## [DIRECTIONS FOR THIS TASK]
Print the entries exactly as they appear, and omit any images.
▬▬▬▬▬▬
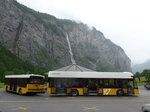 (171'732) - PostAuto Bern - BE 586'962 - Lanz+Marti/Hess Personenanhnger (ex VBL Luzern Nr.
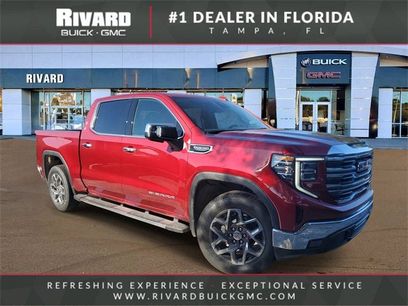New 2026 GMC Sierra 1500 SLT w/ SLT Premium Package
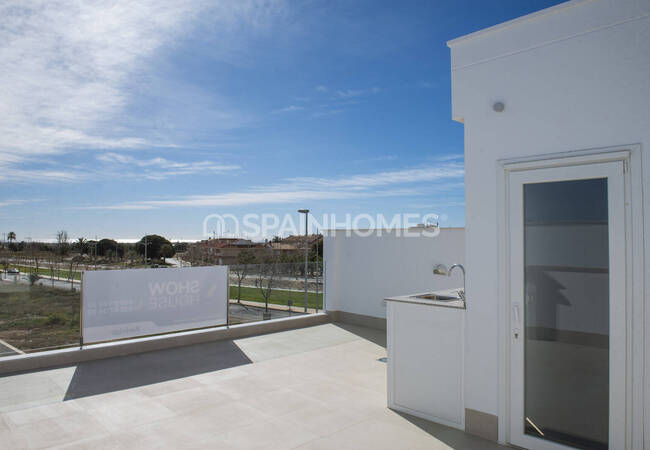 Просторный Двухквартирный Дом в Пилар-де-ла-Орадада 19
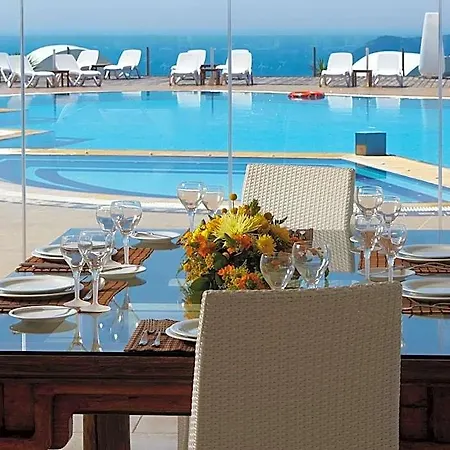 Orizontes Santorini Hotel Pýrgos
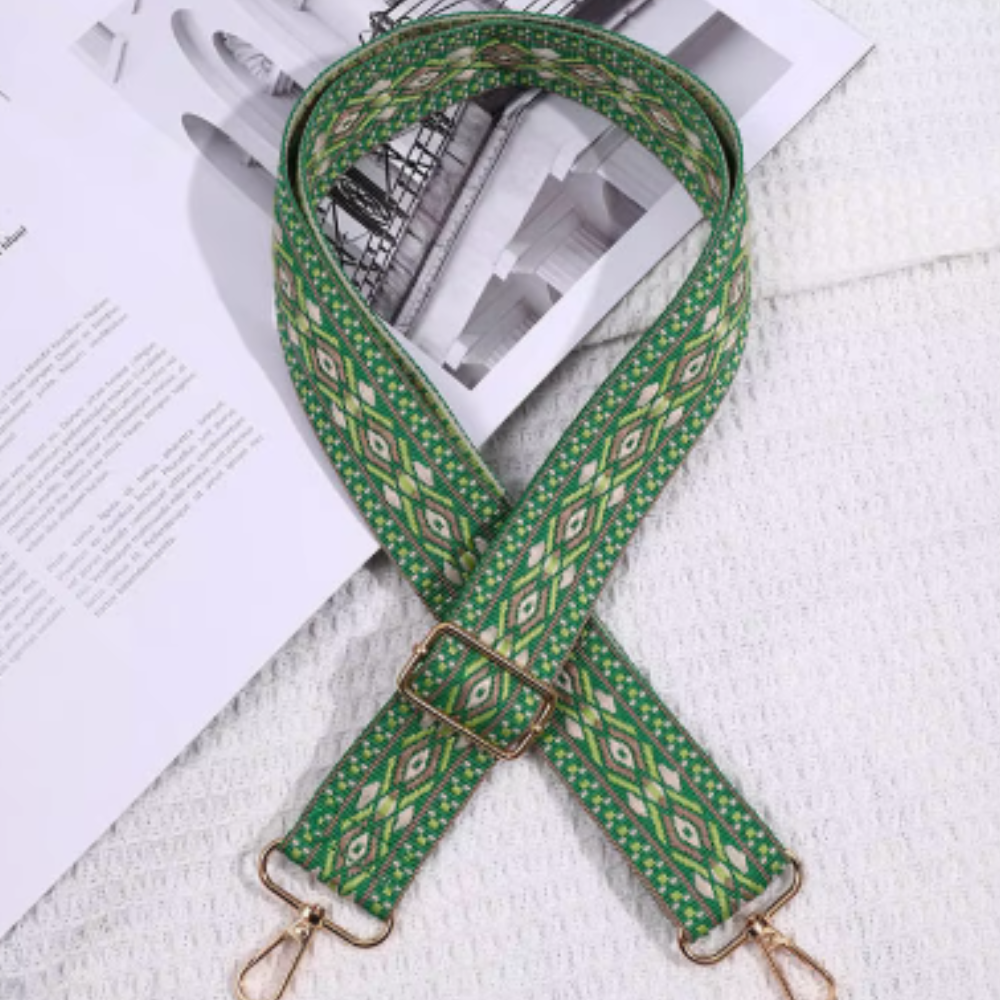 Tanya | Verstelbare schouderband voor tassen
▬▬▬▬▬▬
## [EXERCISE ANSWER]
 (171'732) - PostAuto Bern - BE 586'962 - Lanz+Marti/Hess Personenanhnger (ex VBL Luzern Nr.
New 2026 GMC Sierra 1500 SLT w/ SLT Premium Package
 Просторный Двухквартирный Дом в Пилар-де-ла-Орадада 19
 Orizontes Santorini Hotel Pýrgos
 Tanya | Verstelbare schouderband voor tassen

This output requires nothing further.